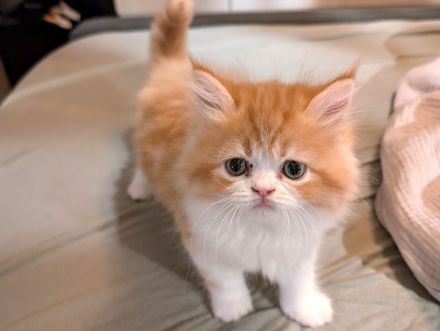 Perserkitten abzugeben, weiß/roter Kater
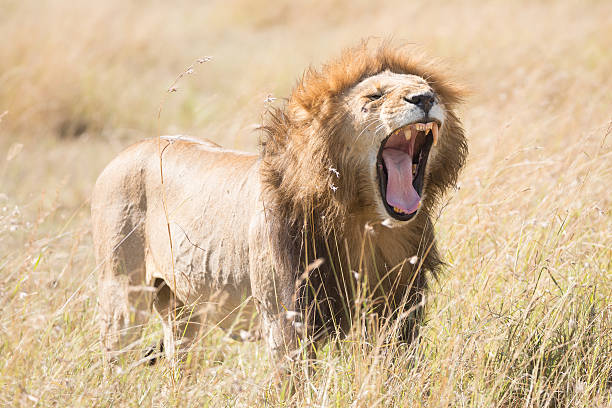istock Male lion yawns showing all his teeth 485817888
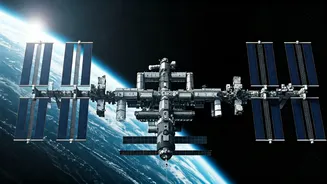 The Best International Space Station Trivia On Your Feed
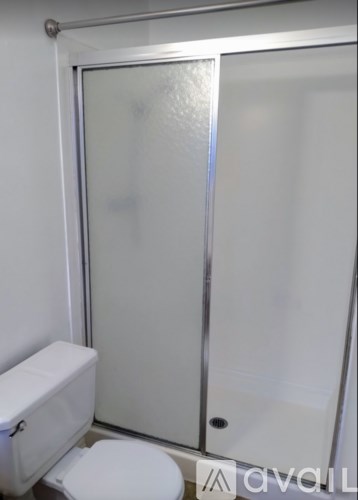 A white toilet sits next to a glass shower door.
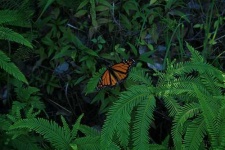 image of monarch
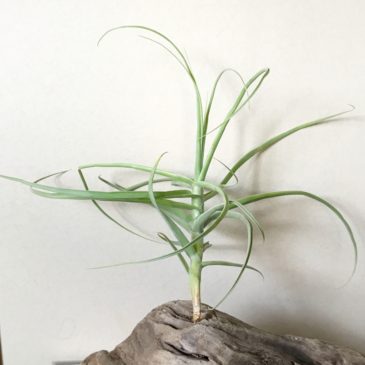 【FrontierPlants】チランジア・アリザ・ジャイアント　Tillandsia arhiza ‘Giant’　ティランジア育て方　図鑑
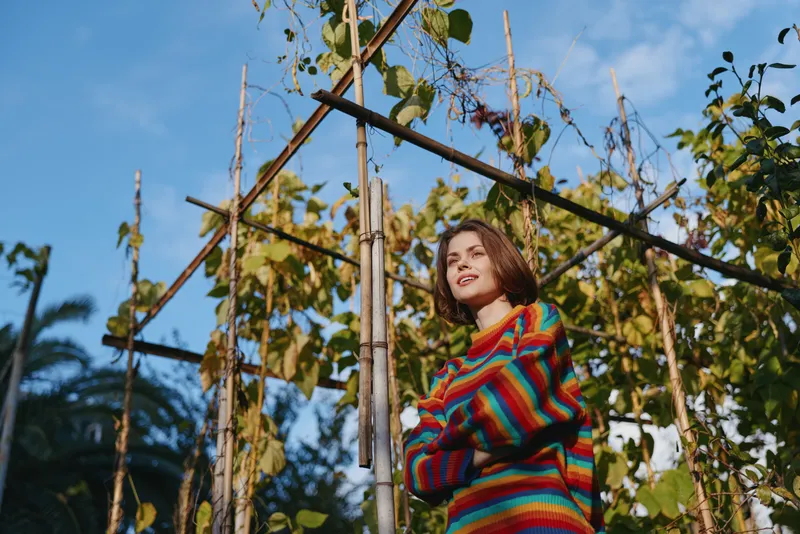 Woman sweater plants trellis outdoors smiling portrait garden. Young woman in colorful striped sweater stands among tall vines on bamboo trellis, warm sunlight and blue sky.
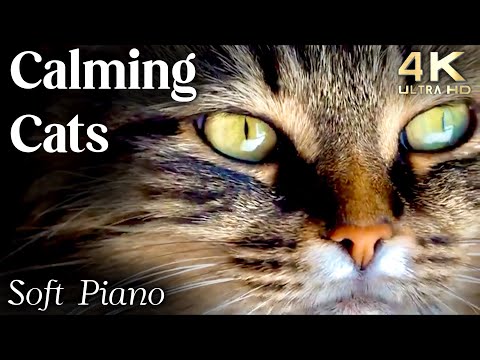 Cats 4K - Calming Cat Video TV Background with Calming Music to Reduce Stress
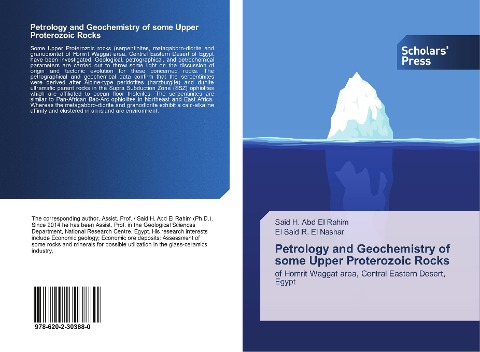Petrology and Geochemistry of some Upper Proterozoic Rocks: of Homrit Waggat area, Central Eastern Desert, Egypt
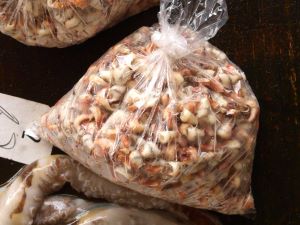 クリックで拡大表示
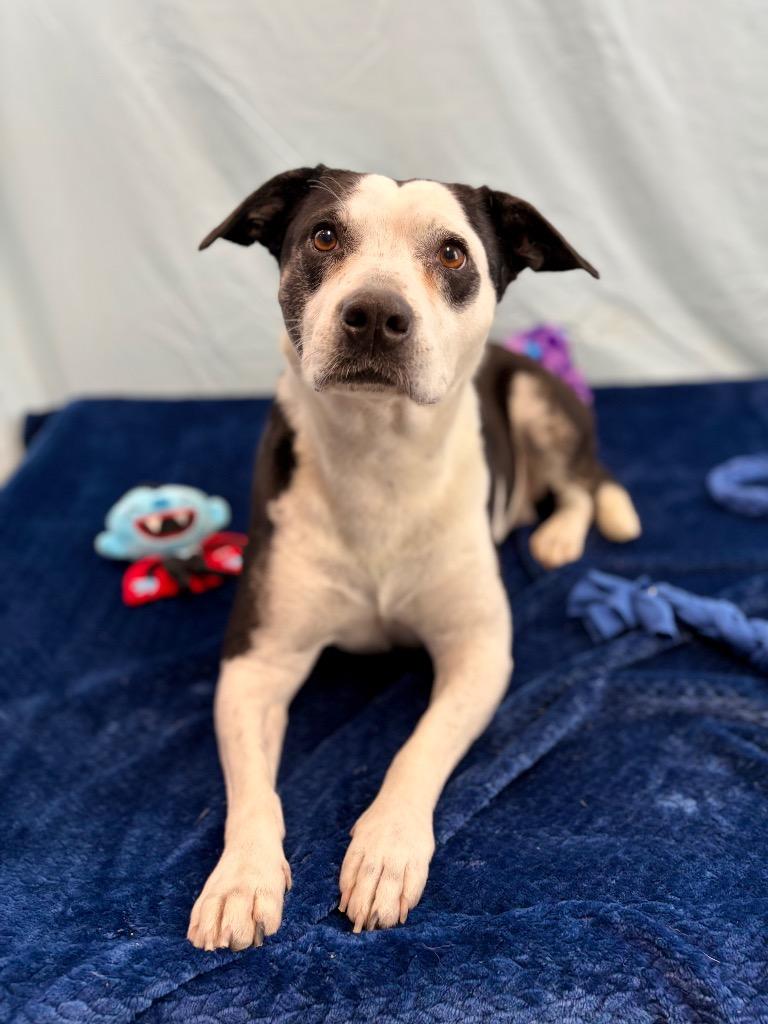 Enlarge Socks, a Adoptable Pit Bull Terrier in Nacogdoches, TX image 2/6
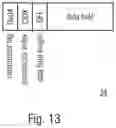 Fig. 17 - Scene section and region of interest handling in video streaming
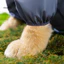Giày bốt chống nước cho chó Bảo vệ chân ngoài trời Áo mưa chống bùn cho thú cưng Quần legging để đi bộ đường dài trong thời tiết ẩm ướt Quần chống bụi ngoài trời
==========
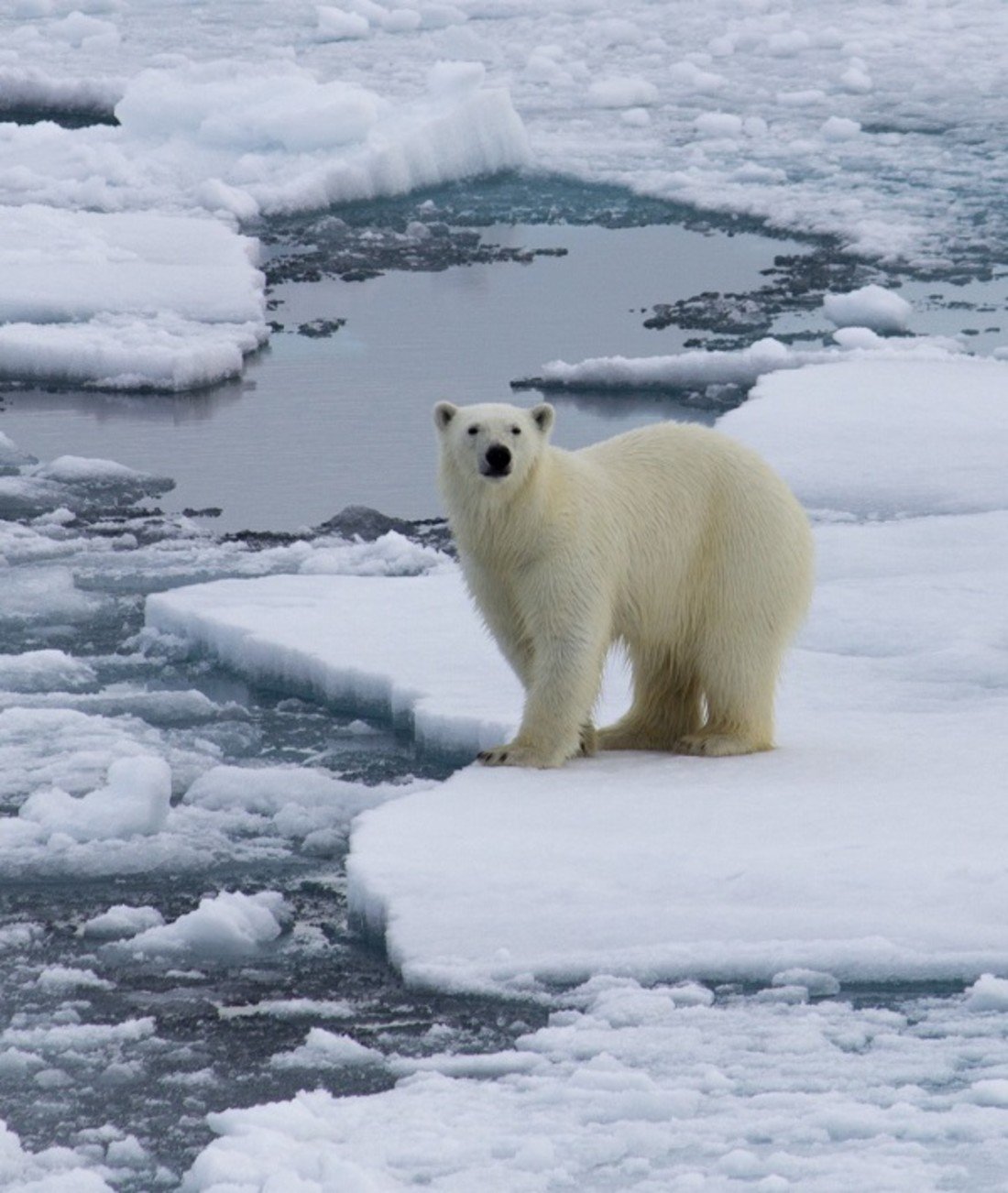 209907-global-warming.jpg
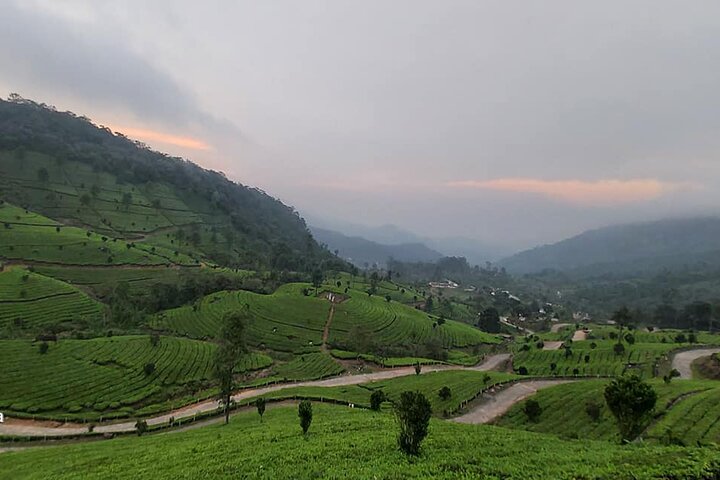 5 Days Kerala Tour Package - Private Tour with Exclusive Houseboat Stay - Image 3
==========
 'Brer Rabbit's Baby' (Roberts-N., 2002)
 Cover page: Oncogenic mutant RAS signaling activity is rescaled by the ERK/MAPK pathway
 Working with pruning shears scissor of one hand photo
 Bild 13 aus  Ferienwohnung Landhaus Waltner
==========
Repeat word for word the lines above that run from the line containing "Baby' (Roberts-N., 2002)" through the line containing "Bild 13 aus", both ends included, and nothing else.

◆ Finished exercise
 'Brer Rabbit's Baby' (Roberts-N., 2002)
 Cover page: Oncogenic mutant RAS signaling activity is rescaled by the ERK/MAPK pathway
 Working with pruning shears scissor of one hand photo
 Bild 13 aus  Ferienwohnung Landhaus Waltner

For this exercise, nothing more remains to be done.